Case (2) arises only when the syntactic type of x is related to T in one of the ways described above for ISTYPE. In Cedar 7T7, case (3) is treated as a compile-time type error. Fine point: NARROW[x, T] is also considered a compile-time error if the only possible value of x yielding TRUE is NIL. Use x = NIL instead.

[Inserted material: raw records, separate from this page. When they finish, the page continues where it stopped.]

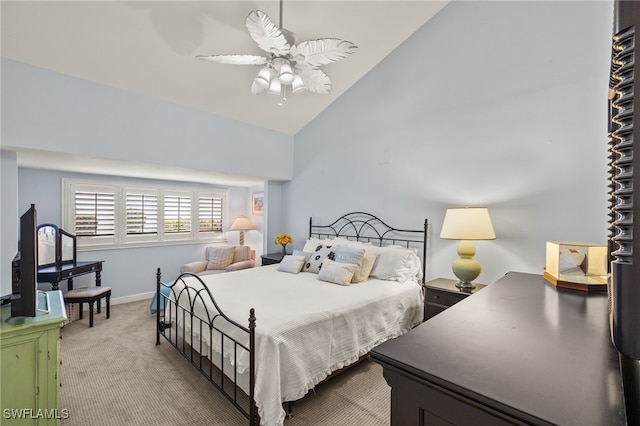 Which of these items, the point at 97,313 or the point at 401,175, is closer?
the point at 401,175

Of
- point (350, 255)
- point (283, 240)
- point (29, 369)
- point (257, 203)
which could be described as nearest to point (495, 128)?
point (350, 255)

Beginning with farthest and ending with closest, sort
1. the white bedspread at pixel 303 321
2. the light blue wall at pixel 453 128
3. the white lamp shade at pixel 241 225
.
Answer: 1. the white lamp shade at pixel 241 225
2. the light blue wall at pixel 453 128
3. the white bedspread at pixel 303 321

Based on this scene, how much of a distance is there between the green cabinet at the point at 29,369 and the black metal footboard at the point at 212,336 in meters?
0.88

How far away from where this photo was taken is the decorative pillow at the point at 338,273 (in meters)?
2.95

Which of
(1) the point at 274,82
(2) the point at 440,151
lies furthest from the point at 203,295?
(2) the point at 440,151

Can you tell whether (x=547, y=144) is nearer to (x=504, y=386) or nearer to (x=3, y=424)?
(x=504, y=386)

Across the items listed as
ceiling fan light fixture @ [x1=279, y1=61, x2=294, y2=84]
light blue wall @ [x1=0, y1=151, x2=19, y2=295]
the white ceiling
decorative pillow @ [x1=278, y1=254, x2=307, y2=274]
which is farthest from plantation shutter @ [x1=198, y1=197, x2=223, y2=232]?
ceiling fan light fixture @ [x1=279, y1=61, x2=294, y2=84]

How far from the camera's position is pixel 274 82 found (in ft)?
7.88

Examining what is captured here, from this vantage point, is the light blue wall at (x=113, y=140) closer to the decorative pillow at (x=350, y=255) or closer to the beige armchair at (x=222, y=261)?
the beige armchair at (x=222, y=261)

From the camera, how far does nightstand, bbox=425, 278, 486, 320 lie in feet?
8.77

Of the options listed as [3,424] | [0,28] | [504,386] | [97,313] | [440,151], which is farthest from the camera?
[97,313]

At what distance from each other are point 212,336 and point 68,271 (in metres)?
2.63

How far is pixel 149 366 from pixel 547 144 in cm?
418

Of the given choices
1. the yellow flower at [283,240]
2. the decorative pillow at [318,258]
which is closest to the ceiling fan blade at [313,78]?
the decorative pillow at [318,258] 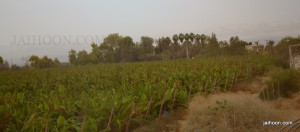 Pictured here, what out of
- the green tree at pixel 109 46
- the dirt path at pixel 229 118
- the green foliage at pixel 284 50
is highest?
the green tree at pixel 109 46

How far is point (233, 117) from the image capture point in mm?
4230

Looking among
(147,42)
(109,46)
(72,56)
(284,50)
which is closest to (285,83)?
(284,50)

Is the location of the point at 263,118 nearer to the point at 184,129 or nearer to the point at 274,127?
the point at 274,127

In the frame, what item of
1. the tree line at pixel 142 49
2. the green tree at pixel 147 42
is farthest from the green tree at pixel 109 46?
the green tree at pixel 147 42

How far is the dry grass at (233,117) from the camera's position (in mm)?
4047

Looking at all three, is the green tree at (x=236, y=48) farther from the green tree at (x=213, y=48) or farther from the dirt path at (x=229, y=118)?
the dirt path at (x=229, y=118)

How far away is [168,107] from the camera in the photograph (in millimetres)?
6328

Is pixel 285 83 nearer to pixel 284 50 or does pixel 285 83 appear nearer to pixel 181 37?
pixel 284 50

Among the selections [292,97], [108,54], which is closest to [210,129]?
[292,97]

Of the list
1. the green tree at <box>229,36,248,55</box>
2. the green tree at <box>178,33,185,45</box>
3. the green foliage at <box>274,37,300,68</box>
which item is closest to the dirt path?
the green foliage at <box>274,37,300,68</box>

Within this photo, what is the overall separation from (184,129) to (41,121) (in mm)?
2598

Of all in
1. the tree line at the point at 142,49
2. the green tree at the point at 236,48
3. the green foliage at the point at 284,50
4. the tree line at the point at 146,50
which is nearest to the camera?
the green foliage at the point at 284,50

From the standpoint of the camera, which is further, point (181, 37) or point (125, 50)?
point (181, 37)

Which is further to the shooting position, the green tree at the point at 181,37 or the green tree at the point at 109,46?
the green tree at the point at 181,37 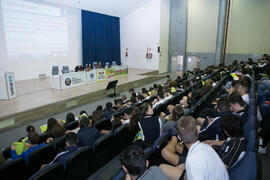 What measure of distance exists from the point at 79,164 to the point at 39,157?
59 centimetres

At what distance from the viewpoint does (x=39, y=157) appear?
2.54 metres

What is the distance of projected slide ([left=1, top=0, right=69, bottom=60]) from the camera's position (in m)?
8.61

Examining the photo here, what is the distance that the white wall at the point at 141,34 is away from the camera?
13.4 m

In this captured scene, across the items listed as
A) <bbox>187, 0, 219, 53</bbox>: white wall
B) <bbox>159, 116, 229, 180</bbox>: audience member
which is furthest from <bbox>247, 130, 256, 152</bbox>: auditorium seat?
<bbox>187, 0, 219, 53</bbox>: white wall

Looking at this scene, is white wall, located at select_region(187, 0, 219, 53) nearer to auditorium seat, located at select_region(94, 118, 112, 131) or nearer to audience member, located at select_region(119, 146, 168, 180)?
auditorium seat, located at select_region(94, 118, 112, 131)

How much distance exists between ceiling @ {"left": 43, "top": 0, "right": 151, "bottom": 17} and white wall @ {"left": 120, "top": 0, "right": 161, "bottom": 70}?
0.58m

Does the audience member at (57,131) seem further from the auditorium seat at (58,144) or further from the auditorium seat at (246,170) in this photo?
the auditorium seat at (246,170)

In case (1), NARROW is an identity operation but can be useful to change the (syntactic) type of x without using a LOOPHOLE or requiring any code to be executed. Example:
Defs: DEFINITIONS = {
T: TYPE;
R: TYPE = RECORD [g: REF T, ... ];
Pn: PROC [r: REF R];
... }.
Impl: PROGRAM EXPORTS Defs = {
T: PUBLIC TYPE = RECORD [n: NAT, ...];
Pn: PUBLIC PROC [r: REF Defs.R] = {
r.g.n ← 0; -- invalid; r.g↑ is opaque, with no field selection operations
NARROW[r.g, REF T].n ← 0;-- valid (because Impl exports Defs)
...};
}.
As before, NARROW[x, T] may be written as NARROW[x] when the target type T is implied by context.
Discriminating Selection
The syntactic form of WITH ... SELECT that is currently used for REF ANY discrimination has been extended to discriminate any value for which ISTYPE performs a dynamic test of that value (see case (2) in the discussion of ISTYPE). The form
WITH v SELECT FROM
v1: T1 => s1;
v2: T2 => s2;
...
 vn: Tn => sn;
ENDCASE => se;
is, by definition, equivalent to
u: T = v;
IF u # NIL AND ISTYPE[u, T1] THEN {v1: T1NARROW[u]; s1}
ELSE IF u # NIL AND ISTYPE[u, T2] THEN {v2: T2NARROW[u]; s2}
...
ELSE IF u # NIL AND ISTYPE[u, Tn] THEN {vn: TnNARROW[u]; sn}
ELSE se;
where T is the (syntactic) type of v. The tests against NIL are omitted if T does not have a NIL value.

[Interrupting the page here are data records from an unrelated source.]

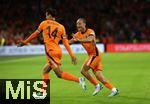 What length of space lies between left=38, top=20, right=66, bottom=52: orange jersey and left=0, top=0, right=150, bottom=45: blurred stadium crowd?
24.7 metres

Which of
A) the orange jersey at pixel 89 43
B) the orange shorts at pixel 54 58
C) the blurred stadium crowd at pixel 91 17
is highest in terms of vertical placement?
the blurred stadium crowd at pixel 91 17

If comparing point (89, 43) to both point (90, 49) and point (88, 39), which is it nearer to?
point (90, 49)

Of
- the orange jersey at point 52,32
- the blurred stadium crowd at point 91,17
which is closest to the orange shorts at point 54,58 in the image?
the orange jersey at point 52,32

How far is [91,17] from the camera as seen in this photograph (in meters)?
40.9

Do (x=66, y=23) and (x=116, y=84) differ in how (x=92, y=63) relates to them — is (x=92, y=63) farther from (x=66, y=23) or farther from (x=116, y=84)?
(x=66, y=23)

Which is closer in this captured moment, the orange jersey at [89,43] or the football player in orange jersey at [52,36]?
the football player in orange jersey at [52,36]

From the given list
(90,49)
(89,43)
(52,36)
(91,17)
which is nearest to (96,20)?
(91,17)

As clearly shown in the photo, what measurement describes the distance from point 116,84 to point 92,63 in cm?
320

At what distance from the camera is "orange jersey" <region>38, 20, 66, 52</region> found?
1211 centimetres

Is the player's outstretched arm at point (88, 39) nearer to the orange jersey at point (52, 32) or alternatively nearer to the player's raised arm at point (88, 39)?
the player's raised arm at point (88, 39)

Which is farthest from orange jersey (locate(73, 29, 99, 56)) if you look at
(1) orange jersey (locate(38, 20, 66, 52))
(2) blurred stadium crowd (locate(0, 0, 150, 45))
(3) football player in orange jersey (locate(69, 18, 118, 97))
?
(2) blurred stadium crowd (locate(0, 0, 150, 45))

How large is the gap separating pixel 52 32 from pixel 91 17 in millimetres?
28955

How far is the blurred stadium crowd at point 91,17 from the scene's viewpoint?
38094mm

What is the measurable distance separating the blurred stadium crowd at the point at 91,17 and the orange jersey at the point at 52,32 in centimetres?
2474
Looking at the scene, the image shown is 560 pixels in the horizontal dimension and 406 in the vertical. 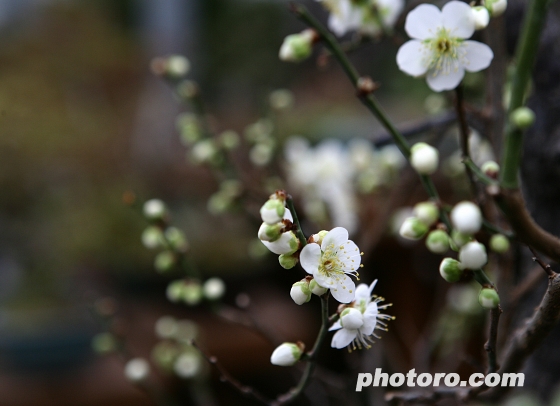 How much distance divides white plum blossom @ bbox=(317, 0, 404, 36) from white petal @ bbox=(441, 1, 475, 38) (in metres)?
0.17

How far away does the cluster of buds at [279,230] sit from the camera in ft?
1.05

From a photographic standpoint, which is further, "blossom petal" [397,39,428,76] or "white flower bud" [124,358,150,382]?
"white flower bud" [124,358,150,382]

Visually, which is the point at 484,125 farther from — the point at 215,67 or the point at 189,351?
the point at 215,67

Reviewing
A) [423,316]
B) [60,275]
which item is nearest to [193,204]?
[60,275]

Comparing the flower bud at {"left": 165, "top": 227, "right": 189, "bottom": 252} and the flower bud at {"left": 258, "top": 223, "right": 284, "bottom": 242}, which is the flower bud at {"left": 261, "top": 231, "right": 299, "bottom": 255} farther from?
the flower bud at {"left": 165, "top": 227, "right": 189, "bottom": 252}

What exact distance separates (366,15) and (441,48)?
0.56 ft

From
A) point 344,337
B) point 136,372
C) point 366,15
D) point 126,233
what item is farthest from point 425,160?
point 126,233

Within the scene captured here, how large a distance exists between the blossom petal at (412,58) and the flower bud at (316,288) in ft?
0.62

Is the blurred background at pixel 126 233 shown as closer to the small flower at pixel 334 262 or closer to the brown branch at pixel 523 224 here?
the small flower at pixel 334 262

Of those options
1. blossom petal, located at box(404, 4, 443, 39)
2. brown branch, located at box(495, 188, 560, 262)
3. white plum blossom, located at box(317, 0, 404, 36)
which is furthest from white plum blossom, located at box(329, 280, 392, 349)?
white plum blossom, located at box(317, 0, 404, 36)

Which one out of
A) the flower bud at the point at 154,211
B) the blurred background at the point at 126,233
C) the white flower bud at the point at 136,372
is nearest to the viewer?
the flower bud at the point at 154,211

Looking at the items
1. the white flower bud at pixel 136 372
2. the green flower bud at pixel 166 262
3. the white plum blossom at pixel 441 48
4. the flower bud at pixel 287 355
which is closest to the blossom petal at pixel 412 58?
the white plum blossom at pixel 441 48

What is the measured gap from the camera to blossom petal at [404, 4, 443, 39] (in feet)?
1.34

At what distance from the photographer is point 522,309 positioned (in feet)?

Note that this form always copies the discriminated value. Thus
r: REF V;
. . .
WITH r SELECT FROM
x: REF V[a] => { ... x ...};-- x is a copy of r with type REF V[a]
...
 ENDCASE;
WITH rSELECT FROM
x: V[a] => { ... x ...};-- x is a copy of r↑ with type V[a]
...
 ENDCASE;
Contrast these with the old form of variant record discrimination, which does not copy the discriminated value and reevaluates the discriminating expression each time that it is used:
WITH x: r SELECT FROM
a => { ... x ... };-- x is a synonym for r↑ (but with syntactic type V[a])
...
 ENDCASE;
The new forms are easier to make type-safe, and you should use them whenever possible. Unfortunately, the old form is still required, at least outside the checked language, for dealing with computed variants and with pointers having non-standard dereferencing operations, such as the current relative pointers).

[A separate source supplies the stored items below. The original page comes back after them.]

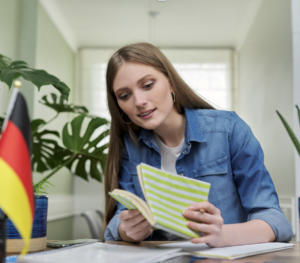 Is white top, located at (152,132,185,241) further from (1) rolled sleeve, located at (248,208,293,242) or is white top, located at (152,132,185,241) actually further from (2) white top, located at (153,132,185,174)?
(1) rolled sleeve, located at (248,208,293,242)

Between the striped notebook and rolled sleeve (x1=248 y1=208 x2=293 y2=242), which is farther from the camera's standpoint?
rolled sleeve (x1=248 y1=208 x2=293 y2=242)

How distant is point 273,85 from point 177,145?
2192 mm

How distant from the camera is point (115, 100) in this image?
1.21 m

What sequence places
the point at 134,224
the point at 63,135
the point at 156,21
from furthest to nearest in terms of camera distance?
the point at 156,21
the point at 63,135
the point at 134,224

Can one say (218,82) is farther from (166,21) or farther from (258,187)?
(258,187)

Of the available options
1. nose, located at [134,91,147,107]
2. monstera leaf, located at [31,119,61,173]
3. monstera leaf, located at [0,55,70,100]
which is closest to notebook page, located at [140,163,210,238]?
nose, located at [134,91,147,107]

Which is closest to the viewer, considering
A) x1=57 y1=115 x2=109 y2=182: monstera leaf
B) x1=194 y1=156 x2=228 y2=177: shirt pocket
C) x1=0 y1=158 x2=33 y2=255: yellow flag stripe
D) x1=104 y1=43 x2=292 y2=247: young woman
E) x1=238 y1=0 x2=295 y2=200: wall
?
x1=0 y1=158 x2=33 y2=255: yellow flag stripe

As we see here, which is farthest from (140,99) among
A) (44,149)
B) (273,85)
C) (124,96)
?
(273,85)

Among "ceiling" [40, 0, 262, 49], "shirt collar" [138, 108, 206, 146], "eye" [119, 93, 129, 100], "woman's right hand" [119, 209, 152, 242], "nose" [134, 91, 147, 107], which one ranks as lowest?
"woman's right hand" [119, 209, 152, 242]

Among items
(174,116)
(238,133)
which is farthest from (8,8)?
(238,133)

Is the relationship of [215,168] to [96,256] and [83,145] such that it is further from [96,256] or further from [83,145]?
[83,145]

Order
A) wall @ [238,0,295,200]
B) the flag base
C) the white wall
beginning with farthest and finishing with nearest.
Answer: wall @ [238,0,295,200]
the white wall
the flag base

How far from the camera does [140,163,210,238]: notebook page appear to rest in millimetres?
607

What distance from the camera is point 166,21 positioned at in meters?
4.17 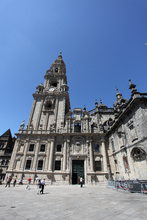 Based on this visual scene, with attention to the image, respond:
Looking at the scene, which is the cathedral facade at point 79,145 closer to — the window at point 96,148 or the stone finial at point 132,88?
the stone finial at point 132,88

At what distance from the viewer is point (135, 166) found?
16391 millimetres

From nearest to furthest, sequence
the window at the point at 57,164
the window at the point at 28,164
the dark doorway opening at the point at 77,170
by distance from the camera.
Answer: the dark doorway opening at the point at 77,170 → the window at the point at 57,164 → the window at the point at 28,164

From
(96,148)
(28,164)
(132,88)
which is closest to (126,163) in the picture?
(96,148)

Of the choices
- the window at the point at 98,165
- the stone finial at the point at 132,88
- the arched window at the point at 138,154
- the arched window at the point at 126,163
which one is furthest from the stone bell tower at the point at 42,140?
the stone finial at the point at 132,88

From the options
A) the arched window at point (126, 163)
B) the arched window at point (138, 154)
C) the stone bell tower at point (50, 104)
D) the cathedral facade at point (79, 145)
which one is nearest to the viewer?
the arched window at point (138, 154)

Interaction with Opaque Types
If T is any exported type, REF T must have the "standard" implementation of type discrimination. We impose this requirement in anticipation of making REF ANY discrimination work correctly with opaque types (it still doesn’t in 7T7). As a consequence, discriminated variant record types cannot be exported as the concrete values of opaque types.
Object Notation
In Cedar, the form x.Op[args] is interpreted as Defs.Op[x, args] if the type of x is (REF | POINTER TO)* T for some opaque type T declared in an interface, the principal instance of which is Defs. In other words, all the operations defined in Defs become part of the cluster of the type T.
In Cedar 7T7, this convention applies within the corresponding DEFINITIONS module (for writing inlines, etc.) as well as within importers of such modules. This is only a notational extension; the bindings of implicitly imported values are determined as before.
The clustering mechanism has also been extended in Cedar 7T7 so that all operations declared in an interface become components of the clusters of any record types defined in that interface. With this extension, Op can be inline in more interesting ways. In addition, you may now be able to use object notation more extensively to invoke operations in existing interfaces, many of which are written in terms of (concrete) record types.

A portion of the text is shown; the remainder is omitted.